NBA 2006: Kalfus - A disorder peculiar to this country

L’idée était pourtant bonne. Le 11 septembre 2001, Joyce s’en va prendre l’avion 93 de United Airlines, direction Los Angeles. Son mari Marshall travaille bien haut dans le World Trade Center. Elle manque son avion, il arrive en retard. Lorsque la nouvelle des attaques commence à se répandre, une joie naît en chacun d’eux. Le vol 93 s’est écrasé quelque part dans le Connecticut. Les tours se sont effondrées. C’est la fin des ennuis : l’être détesté est mort ! Eh oui, cet homme et cette femme sont en pleine procédure de divorce, et ça se passe mal.

Le lendemain, il faut faire le deuil de ses espoirs et recommencer la lutte de l’un contre l’autre. On aurait pu croire que cette expérience qui les avait fait voir la mort en face allait les rapprocher un tant soit peu. Il n’en est rien. Dans l’échiquier post 9/11, Joyce est le monde arabe et Marshall les USA, car, bien sûr, il ne s’agit pas seulement d’un livre d’humour noir sur un couple, mais aussi d’une métaphore de la situation américaine actuelle. Et c’est là que ça déraille.
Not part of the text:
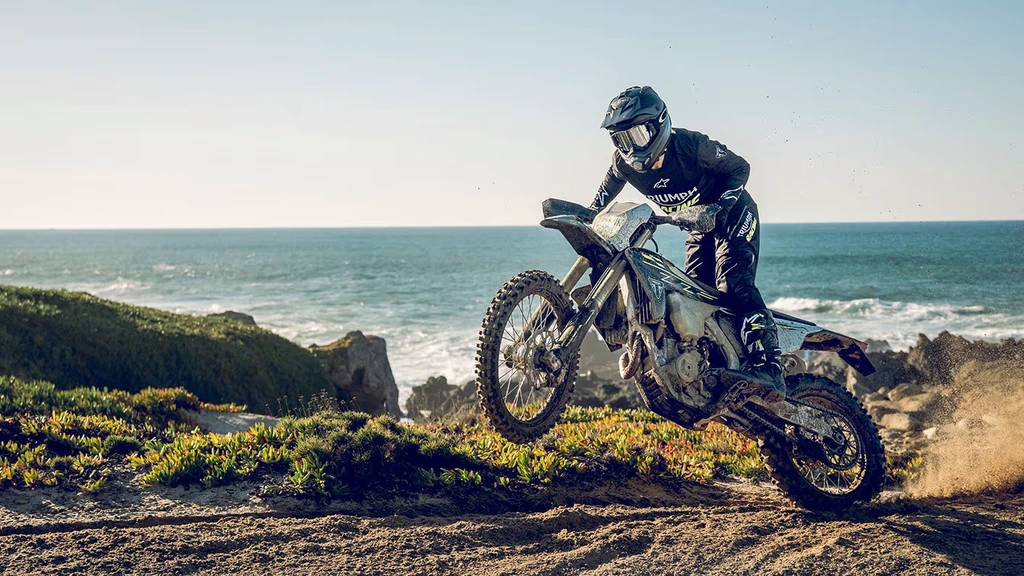 2025-triumph-450-e-throttlecraze.com-2_throttlecraze.com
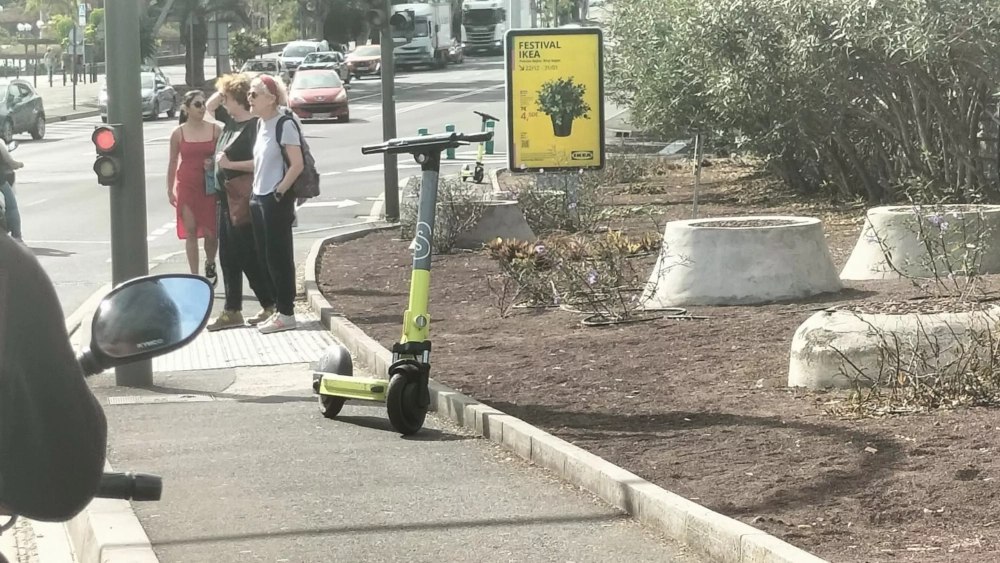 Acera frente al Auditorio de Tenerife Adán Martín con dos patinetes abandonados obstaculizando el paso./ AH Acera frente al Auditorio de Tenerife Adán Martín con dos patinetes abandonados obstaculizando el paso./ AH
« A disorder peculiar to this country » est le deuxième roman de Ken Kalfus, qui est également l’auteur de deux recueils de nouvelles. A 52 ans, on le décrit souvent comme un grand voyageur : mari d’une journaliste, il a vécu en Yougoslavie, France, Irlande et surtout en Russie où il a situé la plupart de ses fictions. De retour aux Etats-Unis, il a décidé d’y planter le décor de son dernier texte.
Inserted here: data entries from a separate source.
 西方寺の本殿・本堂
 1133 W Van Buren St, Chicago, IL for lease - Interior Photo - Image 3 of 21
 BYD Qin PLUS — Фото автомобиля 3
La première moitié est plutôt bonne. Le style est vif et on est en pleine comédie noire : Joyce est persuadée que c’est Marshall qui a envoyé une enveloppe soi-disant remplie d’anthrax à son lieu de travail et le dénonce au FBI, il se procure de la dynamite pour se faire sauter dans la cuisine, et ainsi de suite. On a évidemment aussi droit aux grands classiques du divorce : les avocats copains comme cochons qui font traîner le machin et encaissent le pognon, l’instrumentalisation des enfants ou encore les disputes pour garder des objets qu’on aime de toute façon pas. La séparation est rendue encore plus difficile par le contentieux sur le luxueux appartement familial situé en plein cœur de New York : chacun le veut, et pour ne pas être accusés d’abandonner le domicile, Marshall et Joyce sont contraints de continuer à vivre ensemble jusqu’au jugement.
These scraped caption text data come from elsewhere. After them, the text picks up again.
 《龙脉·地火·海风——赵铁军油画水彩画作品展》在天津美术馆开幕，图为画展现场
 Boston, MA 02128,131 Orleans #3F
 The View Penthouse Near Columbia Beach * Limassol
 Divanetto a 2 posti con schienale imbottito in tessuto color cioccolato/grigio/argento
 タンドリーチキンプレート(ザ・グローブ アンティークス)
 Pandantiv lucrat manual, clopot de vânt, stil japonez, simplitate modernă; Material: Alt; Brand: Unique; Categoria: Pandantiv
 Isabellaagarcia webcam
Les problèmes arrivent dans la deuxième partie. Là, Kalfus souligne à traits de plus en plus gros le parallèle entre la situation du couple en instance de séparation et entre les USA et les musulmans. Pas subtil pour un sou, l’auteur offre des scènes plus embarrassantes et grotesques les unes que les autres avant d’arriver à un final sous forme de politique-fiction absolument pitoyable.

Kalfus est particulièrement à son aise lorsqu’il donne dans la psychologie du divorce, mais dès qu’il s’aventure ailleurs, ça foire. « A disorder peculiar to this country » est une superbe leçon : comment trouver une excellente idée de comédie noire, comment la foirer en tentant de lui donner une résonance plus profonde et comment aliéner son lecteur en écrivant la conclusion la plus ridicule qu’il m’ait été donné de lire. Un cas d’école.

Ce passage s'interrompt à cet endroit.